As useful as fire alarm systems may be, they may cause you to panic or lose sleep due to chirping when there is no smoke or fire. It can be quite annoying to have a fire alarm that goes off randomly for no reason. So, what could be the problem, and how do you fix it?
- Retaining Error Conditions
When your alarm begins to chirp randomly without any specific pattern, you should try changing the batteries in the smoke detectors. However, this may not stop the chirping, especially if the detector operates by low-voltage electrical wiring, and only uses the battery for power backup.
These detectors come with an internal processor that stores error codes. If weak batteries trigger the alarm, the error code may be retained even after changing the batteries, causing it to chirp. To fix the problem, you should clear the error by resetting the smoke detector as follows:
- Turn off the electrical power at the circuit breaker
- Unplug the power supply from the detector and remove the battery
- With no source of power, press and hold the test button for 15 to 20 seconds
- Replace the battery and plug in the power supply
- Restore electric power
When power is restored, it should chirp once, but the low-battery sound should have disappeared. To avoid this error in future, make sure to replace old batteries every six months before the low-battery warning.

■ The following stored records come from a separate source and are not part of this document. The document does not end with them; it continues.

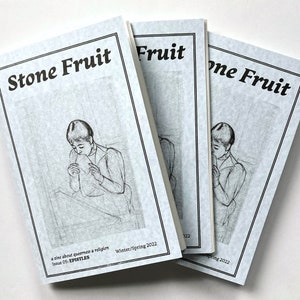 Stone Fruit Issue 05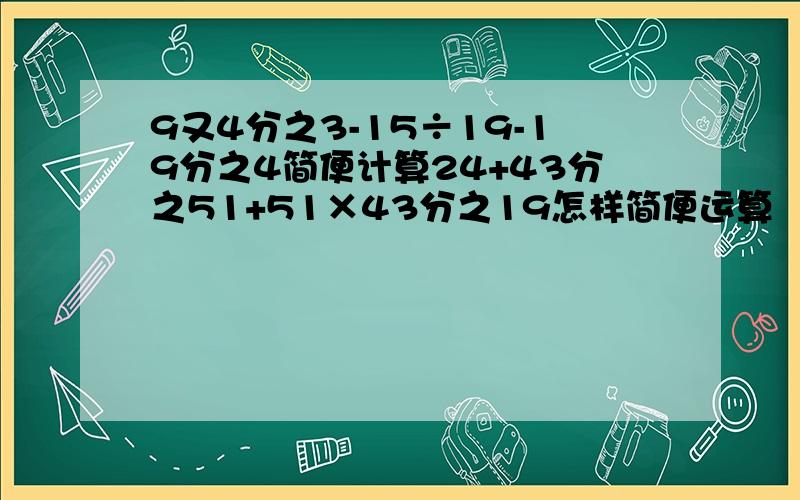 9又4分之3-15÷19-19分之4简便计算24+43分之51+51×43分之19怎样简便运算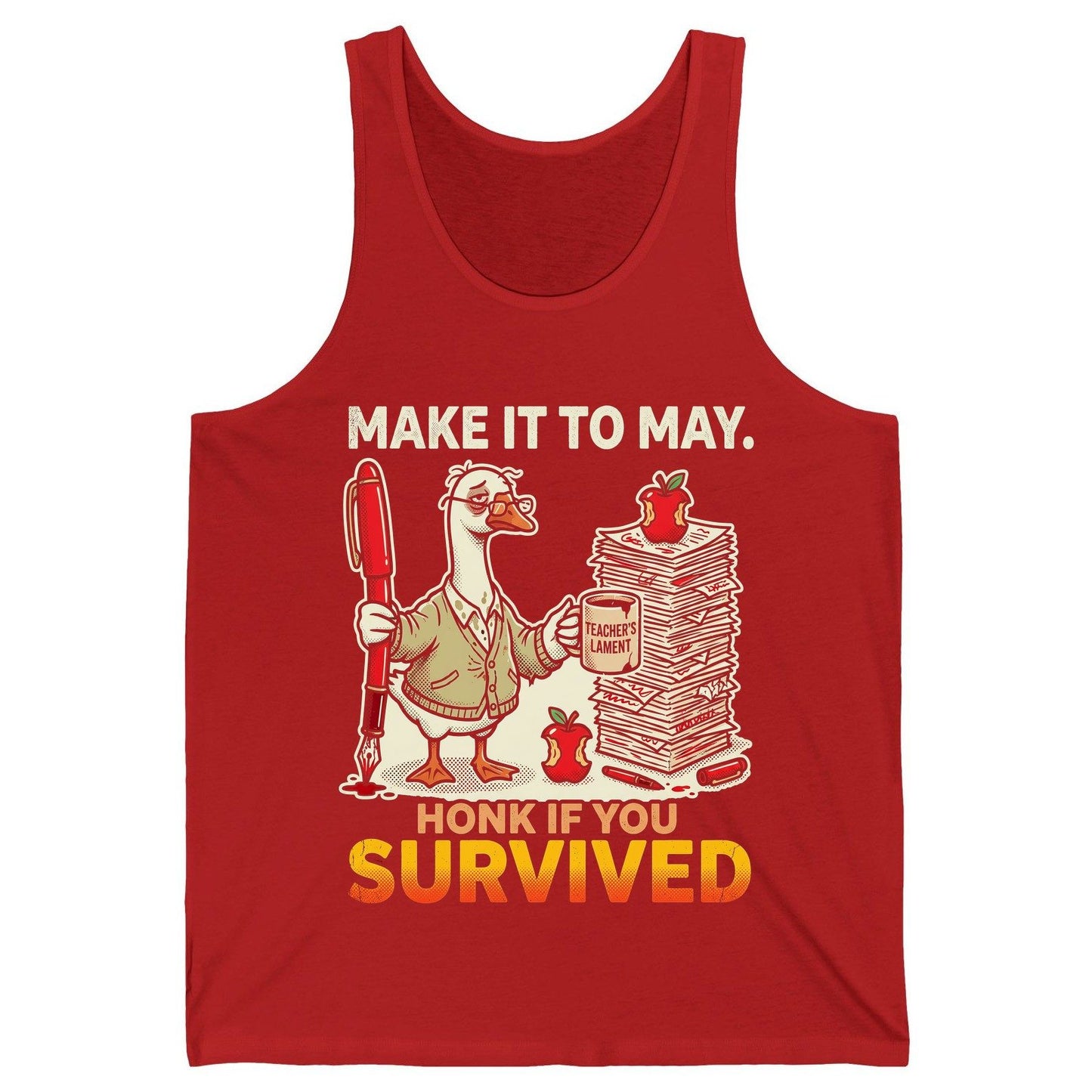 Make It to May Honk If You Survived Funny Teacher Humor Tank Top - product mockup - Red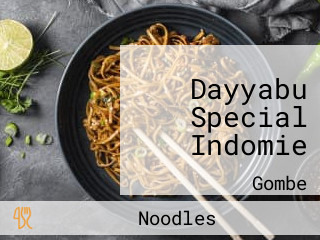 Dayyabu Special Indomie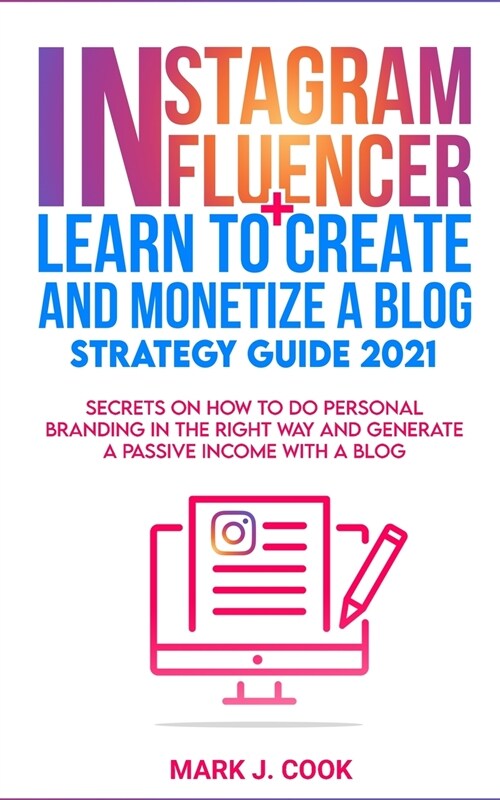 Instagram Influencer + Learn To Create And Monetize A Blog - Strategy Guide 2021: Secrets On How To Do Personal Branding In The Right Way And Generate (Paperback)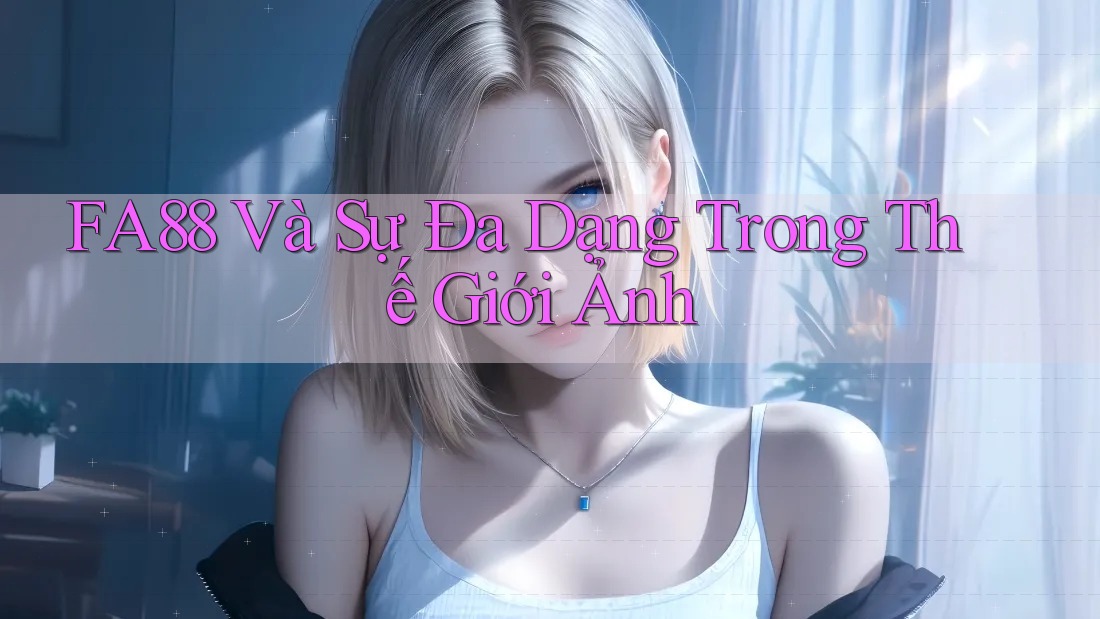 FA88 Và Sự Đa Dạng Trong Thế Giới Ảnh FA88 Và Sự Đa Dạng Trong Thế Giới Ảnh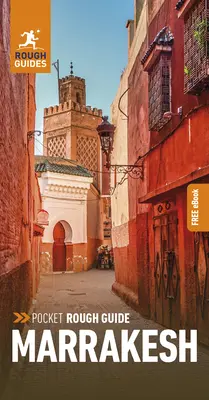Pocket Rough Guide Marrakesh (Guía de Viaje con Ebook Gratis) - Pocket Rough Guide Marrakesh (Travel Guide with Free Ebook)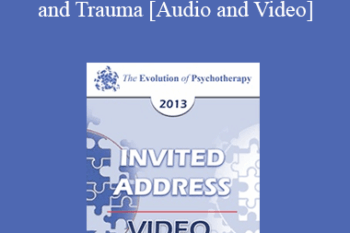 EP13 Invited Address 15 - Spirituality and Trauma - Peter Levine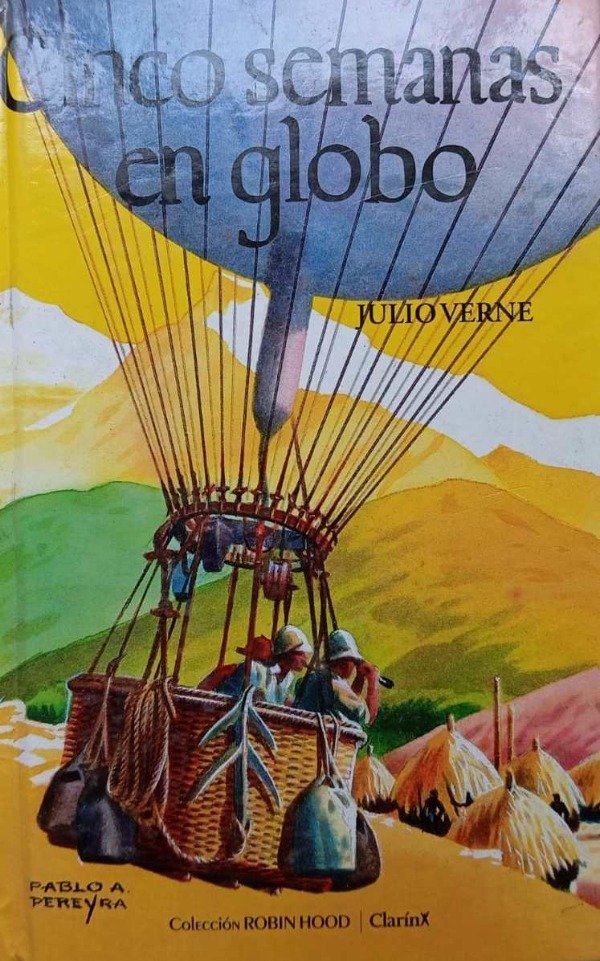 JULIO VERNE - CINCO SEMANAS EN GLOBO (COL. ROBIN HOOD ED. CLARIN)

- Loose or Poorly Installed Batteries
A loose neutral (white) wire can cause an echoing chirp between the units. Loose batteries can also cause problems. So, ensure that your new batteries have a use by date that is four or five years in the future and are properly installed, and make sure the battery compartment door is properly closed. If the detector has been in use for more than 10 years, replace it.
- Dirty Sensing Chamber
Accumulation of dust and insects hiding in the sensing chamber can cause it to chirp. It is good practice to clean the unit every time you change the batteries to reduce the risk of static electricity causing false alarms. The sensing chamber should be cleaned with compressed air or a vacuum cleaner hose, while the outside can be wiped down with a damp cloth.
Chirping consistently at regular intervals may be due to power surges, or interference from other devices in the home that share the same circuit. In the latter case, you should plug the device triggering the chirp into a different wall outlet. Alternatively, you can ask an electrician to change the power line to the smoke detector so it uses a dedicated circuit.